An active form of vitamin D can modulate the activity of immune cells and prevent autoimmune reactions known to be involved in several human diseases such as multiple sclerosis (MS).
A study with that finding, led by researchers from The University of Edinburgh in Scotland, reveals a new layer of knowledge that may help better understand the role of vitamin D in human health and disease.
The study “1,25-Dihydroxyvitamin D3 Restrains CD4+ T Cell Priming Ability of CD11c+ Dendritic Cells by Upregulating Expression of CD31,” was published in the journal Frontiers in Immunology.
“Low vitamin D status has long being implicated as a significant risk factor for the development of several autoimmune diseases,” Richard Mellanby, PhD, said in a press release. Mellanby is principal investigator at the Centre for Inflammation Research from the University of Edinburgh, and senior author of the study, “Our study reveals one way in which vitamin D metabolites can dramatically influence the immune system,” Mellanby said.
The human immune system relies on complex interactions between several groups of cells, in order to achieve the best protective shield against threats, while preserving the body’s healthy cells and tissues.
An important step of this process is the maturation of immune T-cells, which are the main active immune cells responsible for detecting and destroying whatever may put the body in danger.
T-cells need to learn what may represent a threat and what belongs to the body, and for this they rely on another group of “teaching” cells called dendritic cells. When this process is altered, T-cells may start to target their surroundings indiscriminately, promoting damage to the body’s own cells, and leading to the development of autoimmune diseases.
Researchers found that an active form of vitamin D, called 1,25-dihydroxyvitamin D3, also may contribute for this teaching process of T-cells. This vitamin D metabolite can reshape the genetic profile of dendritic cells, promoting the presence of the surface receptor CD31.
When the levels of CD31 were increased, dendritic cells were unable to support the activation of T-cells. In contrast, when researchers genetically manipulated dendritic cells to lack CD31, these cells had an increased potential to activate T-cells.
The team also found that CD31 had this inhibitory effect by preventing prolonged contact between dendritic cells and T-cells, in both human and mouse-derived cells.

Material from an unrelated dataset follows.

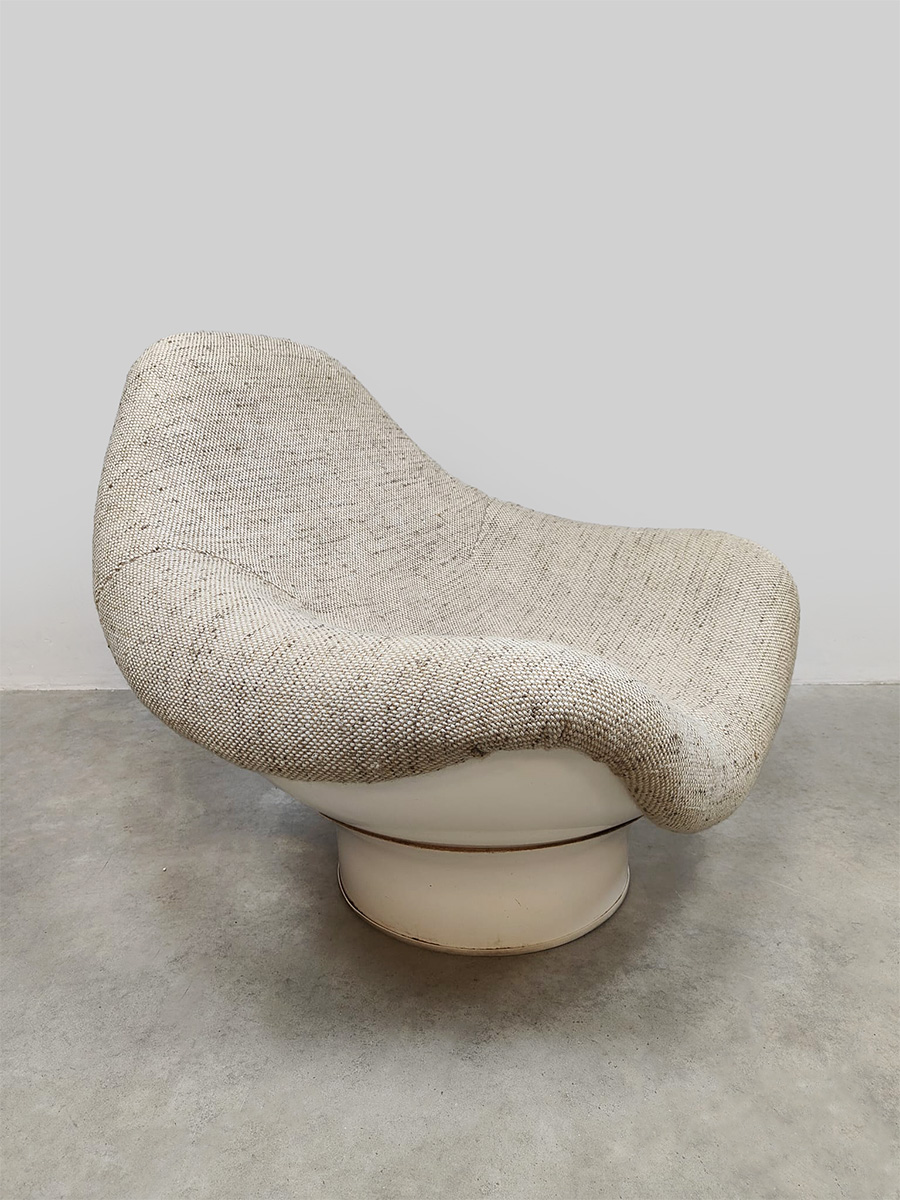 Vintage interior design Space age Rodica easy chair lounge fauteuil Mario Brunu Comfort 1968 Vintage interior design Space age Rodica easy chair lounge fauteuil Mario Brunu Comfort 1968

“Exposure of bone marrow dendritic cells (BMDC) during development to 1,25-dihydroxyvitamin D3 is critical in the upregulation of inhibitory pathways which further restrain the ability of BMDC to prime [activate] T-cells,” researchers wrote.
Overall, the findings suggest that in the presence of this active vitamin D metabolite, dendritic cells may retain a more tolerant status, and subsequently suppress T-cell mediated autoimmune reactions.
Additional studies are warranted to further explore ways to use CD31 in dendritic cells as a strategy to lessen the activation of T-cells.